Today the biggest threats to private information assets come from phishing, fraud, loss, and ransomware attacks that block managers from being able to access their vital business systems. Accenture's study on the cost of cybercrime found that companies all over the planet lose about $2.4 million per attack on average and they spend 50 days or more trying to recover. Costs have increased by 62 percent over the past 5 years. The study also showed that smaller companies pay 4X more per worker per attack because the costs can't be spread out over a larger field of cost centres.
One of the biggest threats to information security for a small company is the lack of attention to hard copy documents. ISO 27001 standard applies to information security in the real world just as much as protection of digital assets. What often happens is that workers print out documents and leave them in public areas or on their desks where the information is exposed to visitors, contractors and cleaning staff, any of whom could profit from sharing private company information assets without violating any legal agreements.

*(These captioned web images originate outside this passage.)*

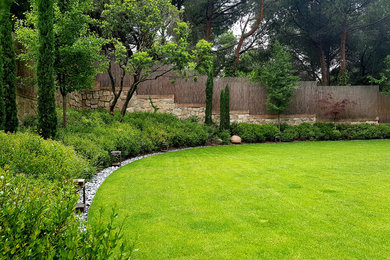This is an example of a contemporary garden in Madrid.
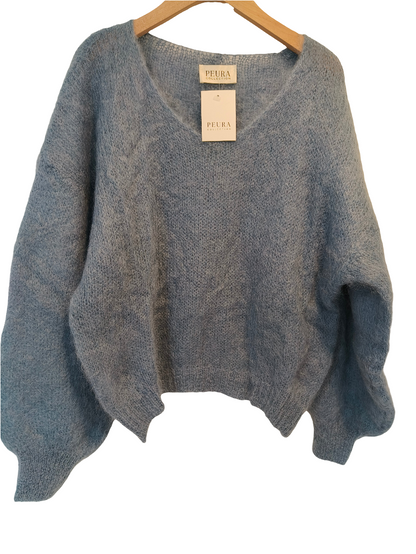 Mohairneule V-pääntie eri värejä-Neuleet/Neuletakit-Peura Collection-Lahja ja sisustus Pussukka Katariina Home Oy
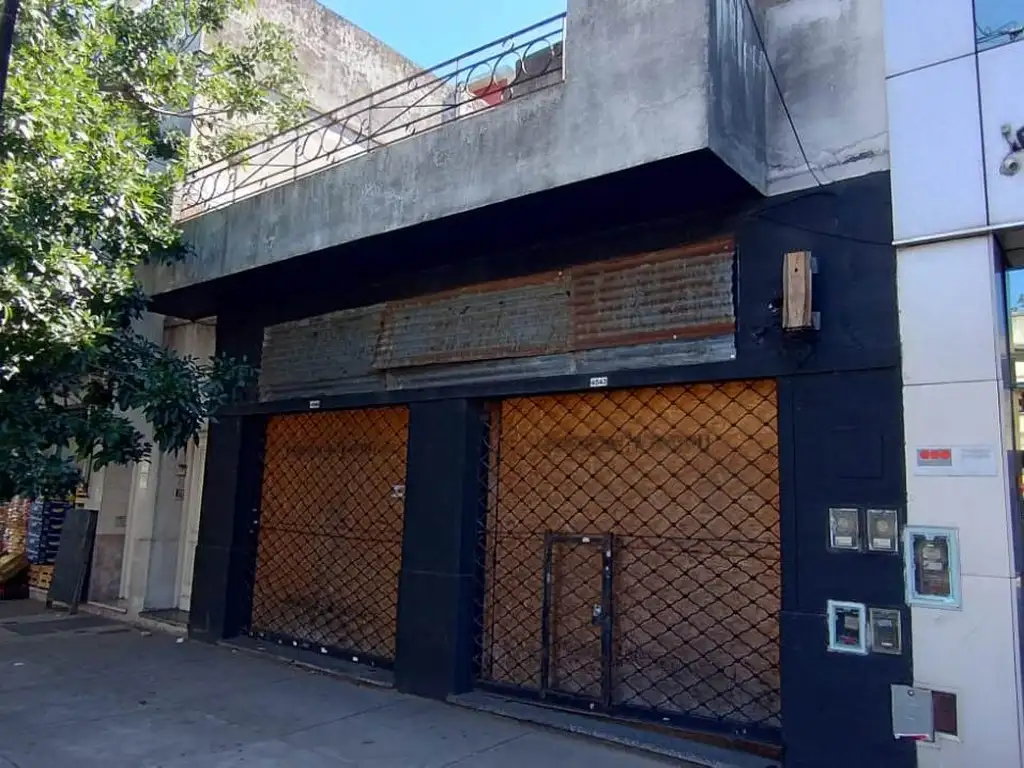 2 Ph + Local comercial - En Block - Av Constituyentes al 4500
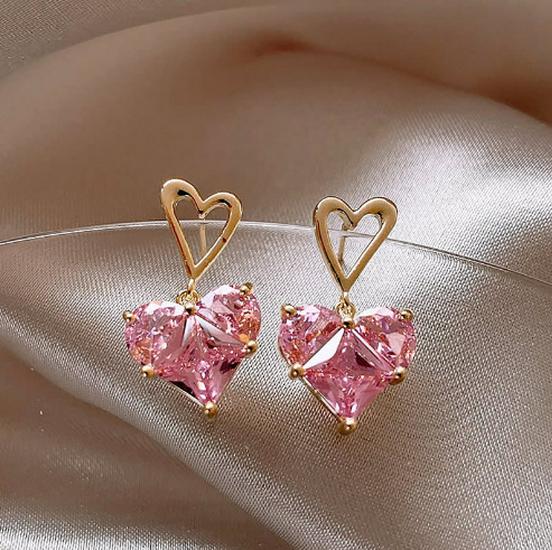 Летнее розовое сердечко с цирконием: Элегантная, высококачественная, сладкая персиковая цепочка на ключицу для девочек
Летнее розовое сердечко с цирконием: Элегантная, высококачественная, сладкая персиковая цепочка на ключицу для девочек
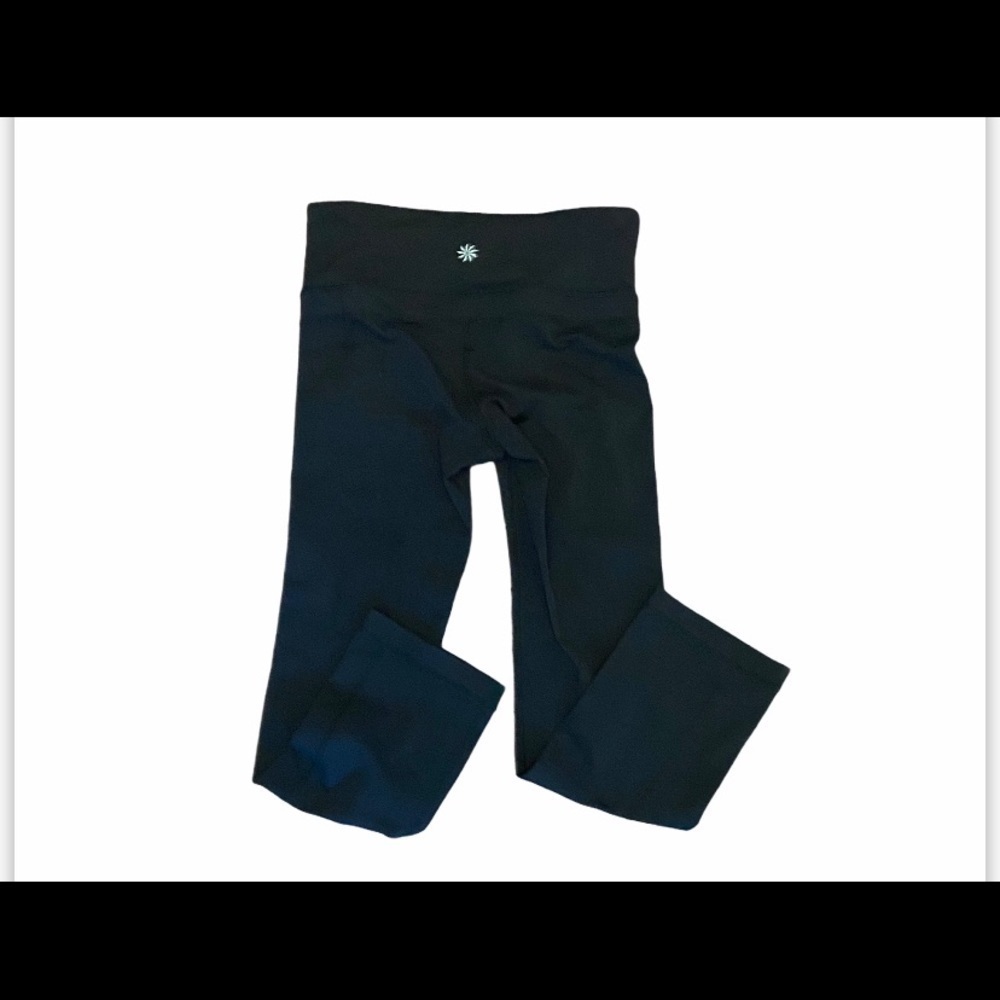 Athleta Straight Up Sz XS Black Capri Leggings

Another huge risk factor involves removable media. USB sticks, external drives, digital cameras, Wi-Fi transfers and Bluetooth-enabled devices represent a vulnerability for downloading information assets, uploading viruses and access to networks for malicious code. Informal processes will not protect a business from financial losses and legal exposure, but following the ISO 27001 standard can.
What does ISO 27001 address?
This set of standards was designed to assure the confidentiality, integrity and availability of:
- Employee records
- Configurations of technology assets (for restoration)
- Information in internal communications
- Customer information
- Location of your assets, physical and digital
- Project tenders
- Product development plans
- Financial information
The security of this information is required by law in some instances, and the loss of it would expose your company to legal challenges. Data breaches and the loss of customers cost global companies $40 million for every 1 million records lost in 2018 and nearly all of those data were due to criminal or malicious attacks.
Where should you start to comply with ISO 27001?
Even if your organization is not planning on seeking out certification in ISO 27001 standard, you owe it to your customers and other stakeholders to protect their information to the best of your ability.
Best practices recommend you should:
- Purchase an Information Security Management System from ISO Templates.
- Look for the highlighted prompts in the template documents to add company-specific information such as logos, name, addresses and change any requirements that won't be able to be implemented.
- Follow the steps on the implementation plan provided with the Information Security Management System.
- Complete the Inventory of Assets including the valuation of the assets.
- Complete the Statement of Applicability based on the status of the 114 security controls in your business.
- Complete a risk assessment and treatment plan in accordance with the detailed steps in the Risk Management Procedure using the Information Security Risk Register.
- Conduct information security awareness training using the PowerPoint template provided.
- Keep refining and improving your information security as new threats emerge, or move on to a certification audit from a third party to determine how close you are to recognition by the ISO.
On the other side of ISO 27001 compliance
Small businesses can benefit greatly from the authority conferred by ISO certification in information security. Compliance with ISO 27001 through the implementation of an ISMS preserves the confidentiality, integrity and availability of information by applying a risk management process and gives confidence to interested parties that risks are adequately managed. Once your company is certified or at least compliant with the ISO 27001 standard, you benefit from better communications using secure channels, lower risk exposure, stronger trust from internal/external stakeholders and a substantial competitive advantage over less secure peers in the market.